■ What to work on
Retype all data exactly as given. Pictures should not be retyped.

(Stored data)
^^^^
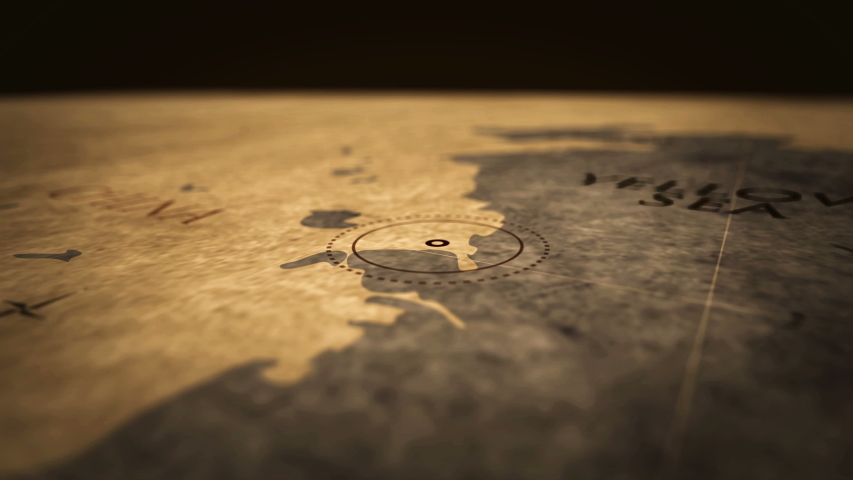 Shanghai city on retro map in sepia color. Old atlas chart with mark by pushpin. Vintage maps 3D animation.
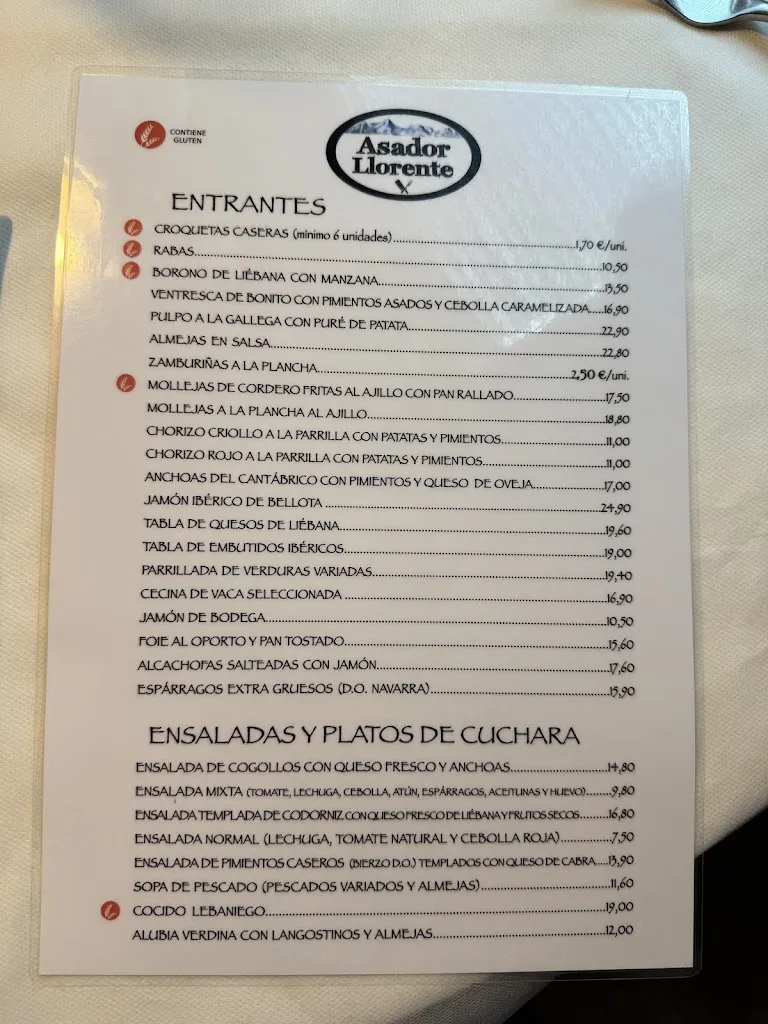 Menu_Asador Llorente_Cabezón de Liébana_immagine_2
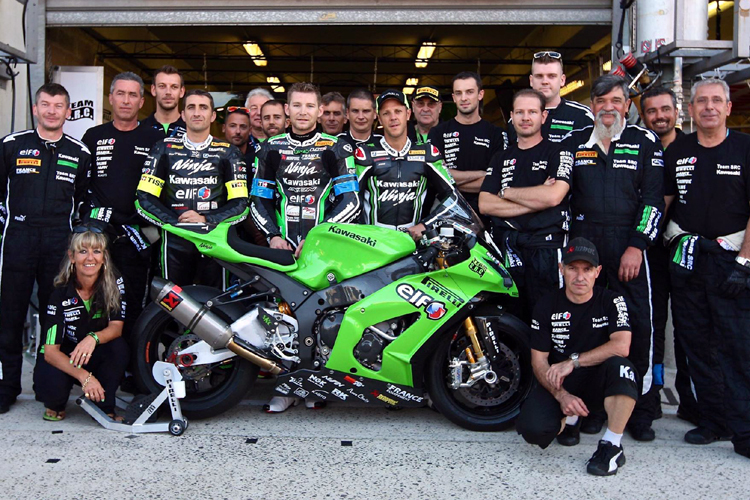 Das Team SRC Kawasaki mit Lagrive, Leblanc und Foret (v.l.)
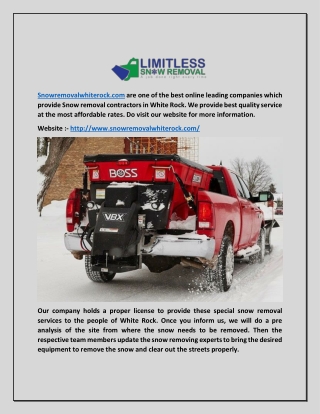 White Rock Snow Removal Services - Snow Removal White Rock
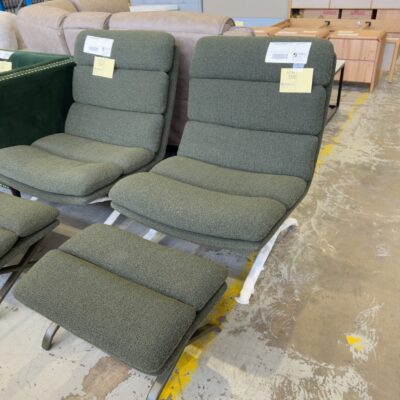 EX DISPLAY - MILLER OCCASIONAL CHAIR & OTTOMAN, EVERGREEN FABRIC EX DISPLAY - MILLER OCCASIONAL CHAIR & OTTOMAN, EVERGREEN FABRIC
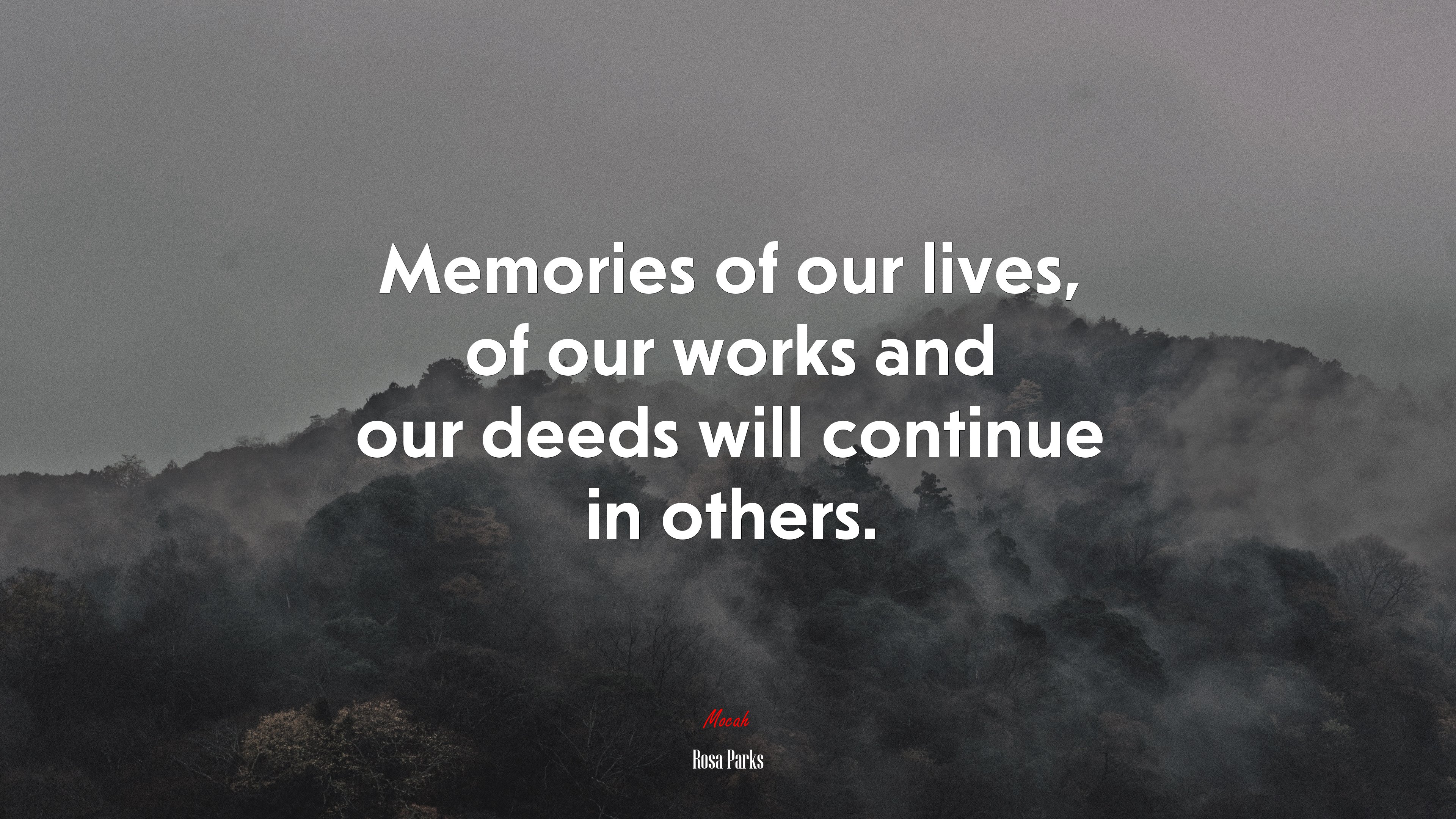 Memories of our lives, of our works and our deeds will continue in others. | Rosa Parks quote HD Wallpaper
^^^^
■ Task output
 Shanghai city on retro map in sepia color. Old atlas chart with mark by pushpin. Vintage maps 3D animation.
 Menu_Asador Llorente_Cabezón de Liébana_immagine_2
 Das Team SRC Kawasaki mit Lagrive, Leblanc und Foret (v.l.)
 White Rock Snow Removal Services - Snow Removal White Rock
 EX DISPLAY - MILLER OCCASIONAL CHAIR & OTTOMAN, EVERGREEN FABRIC EX DISPLAY - MILLER OCCASIONAL CHAIR & OTTOMAN, EVERGREEN FABRIC
 Memories of our lives, of our works and our deeds will continue in others. | Rosa Parks quote HD Wallpaper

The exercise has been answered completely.